Start of PROVIDED RECORDS
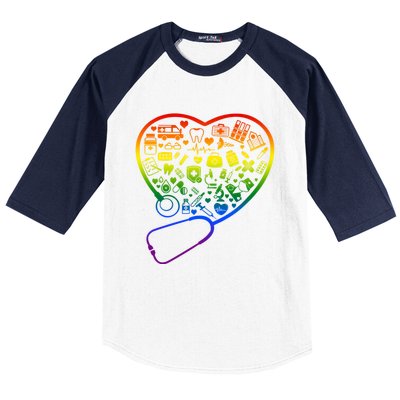 Rainbow Flag Stethoscope Heart Nurse Doctor Lgbt Ally Pride Gift Baseball Sleeve Shirt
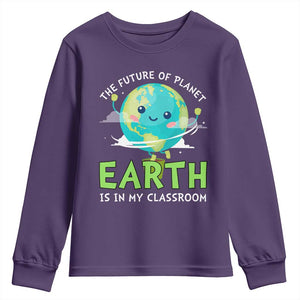 Earth Day Teachers Youth Sweatshirt Funny Classroom TS10 Purple Print Your Wear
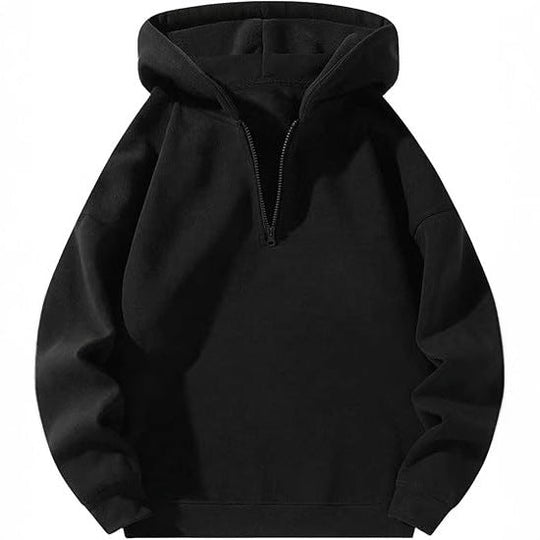 Herren sportlicher Kapuzenpullover mit halbem Reißverschluss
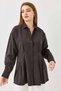 Women's pleated detail chic soft-touch shirt - dark coffee - 3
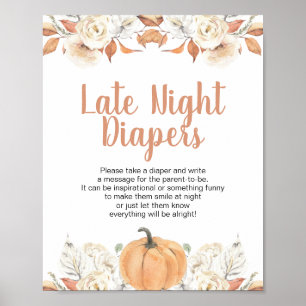 Poster Laranja Pumpkin Russo Floral Fraldas Noturnas Tard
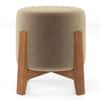 Nicole Stool In Amber Walnut Finish With Dark Beige Micro Velvet Colour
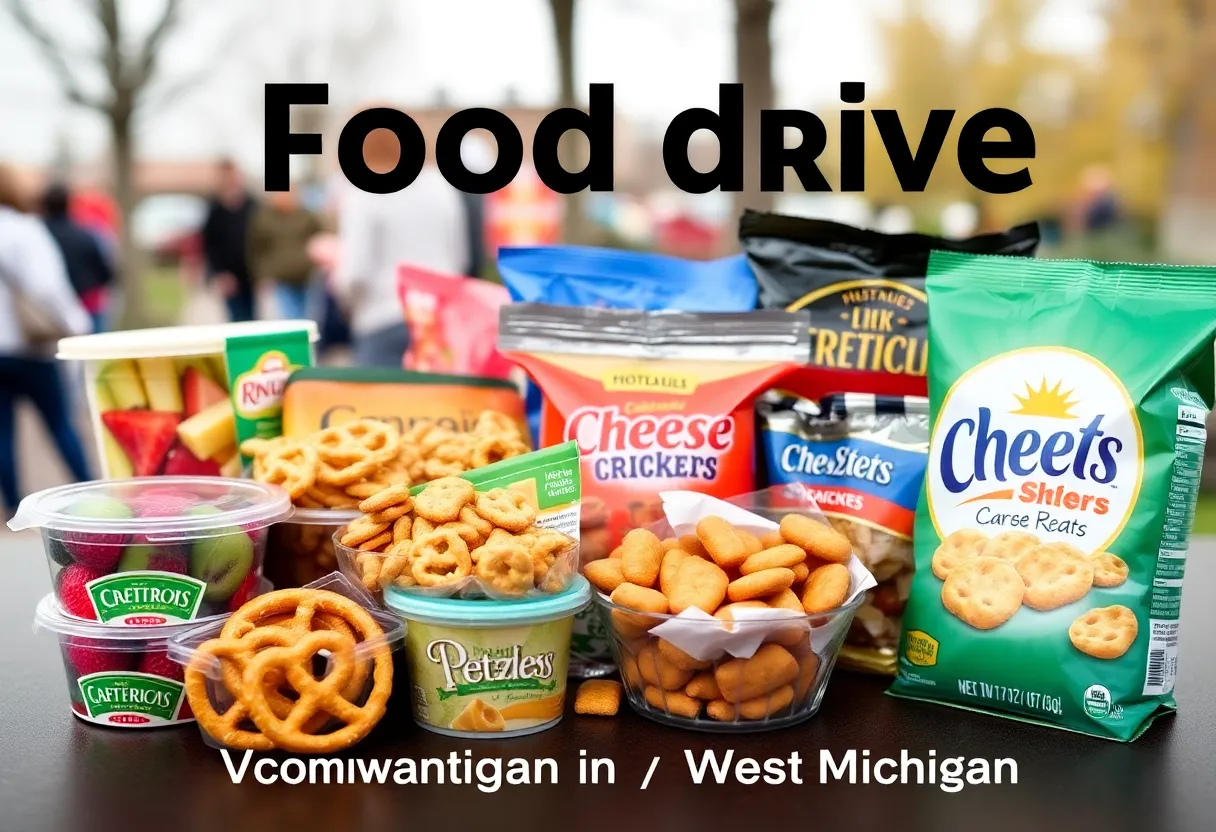 Assorted healthy snacks for community food drive
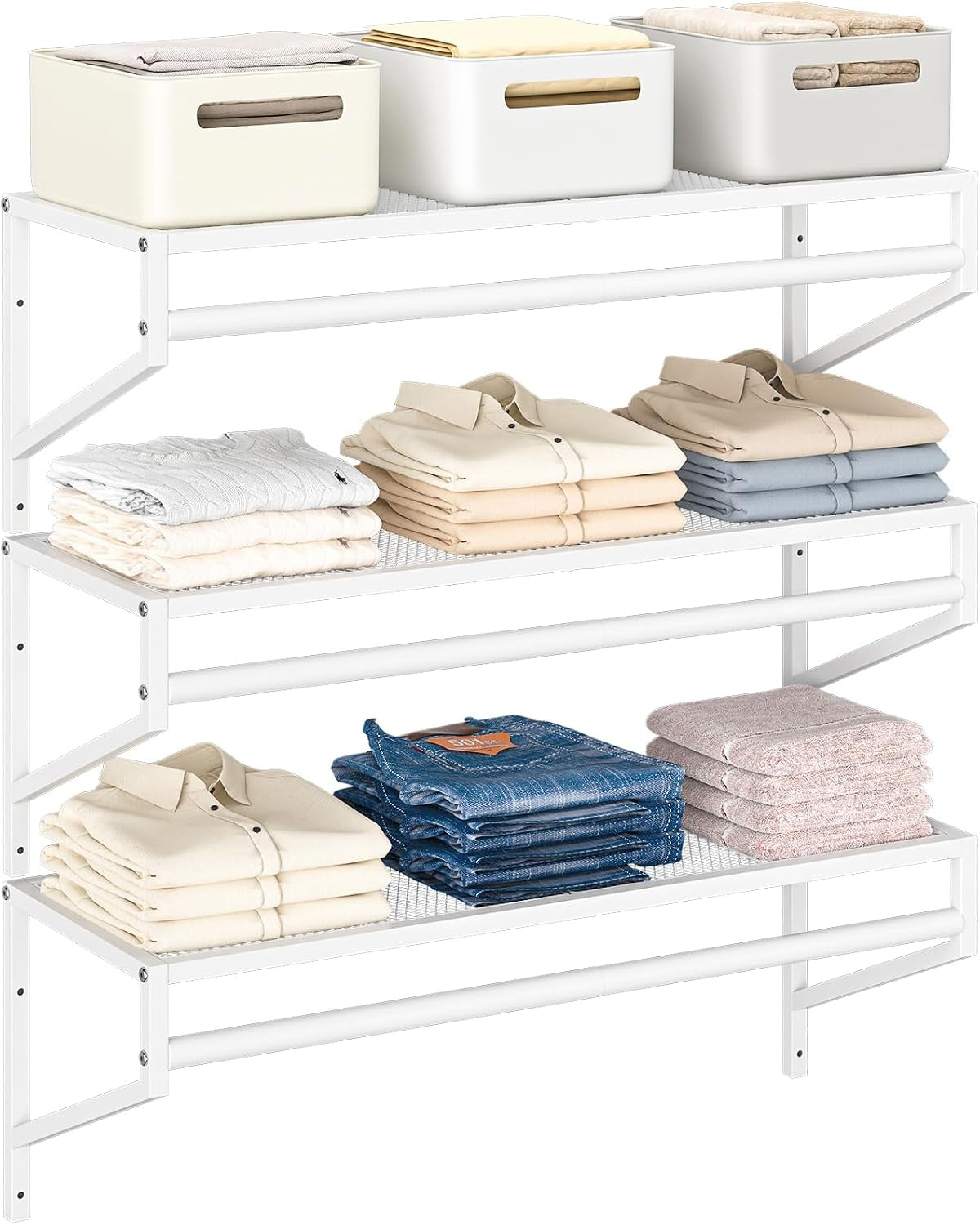 Threehio 3 Pack Closet Shelves Wall Mounted, 2.7 Ft X 11.8In Wire Closet Shelf with Hanging Rod, White Metal Clothes Organizer, Floating Wall Shelving Storage for Laundry Room, Garage Organization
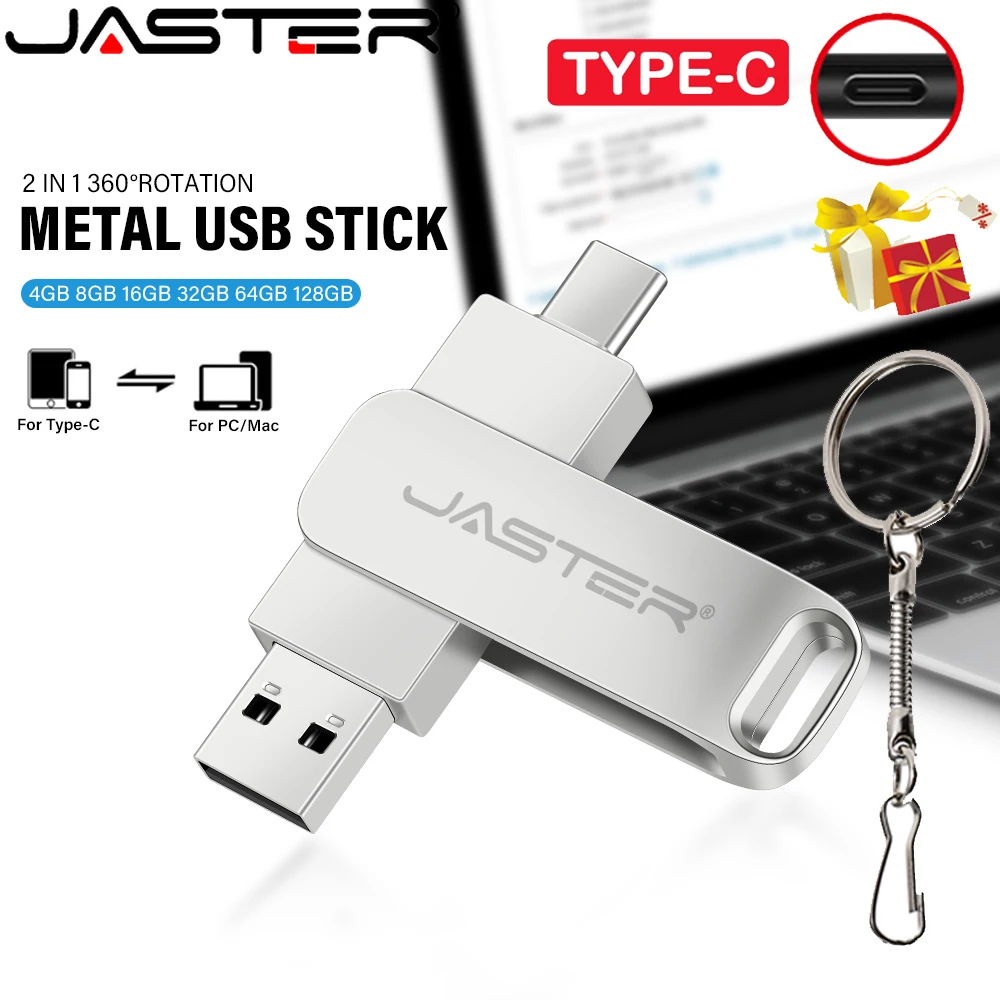 

Type C USB 2.0 Flash Drives 128GB Metal 2 in 1 Pen drive 64GB Multifuncional Memory stick with chain 32GB U disk for smart phone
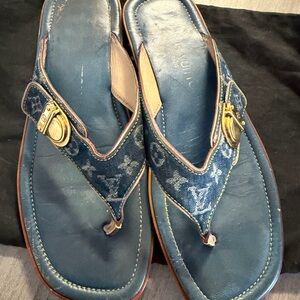 Valentino Tan and Blue Sandals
End of PROVIDED RECORDS
- [WHAT YOU WILL DO]
Pictures are not part of the copy; reproduce exactly and only the lines from the line containing "Nicole Stool In" through the end of the listing.

- [EXERCISE RESULT]
 Nicole Stool In Amber Walnut Finish With Dark Beige Micro Velvet Colour
 Assorted healthy snacks for community food drive
 Threehio 3 Pack Closet Shelves Wall Mounted, 2.7 Ft X 11.8In Wire Closet Shelf with Hanging Rod, White Metal Clothes Organizer, Floating Wall Shelving Storage for Laundry Room, Garage Organization

Type C USB 2.0 Flash Drives 128GB Metal 2 in 1 Pen drive 64GB Multifuncional Memory stick with chain 32GB U disk for smart phone
 Valentino Tan and Blue Sandals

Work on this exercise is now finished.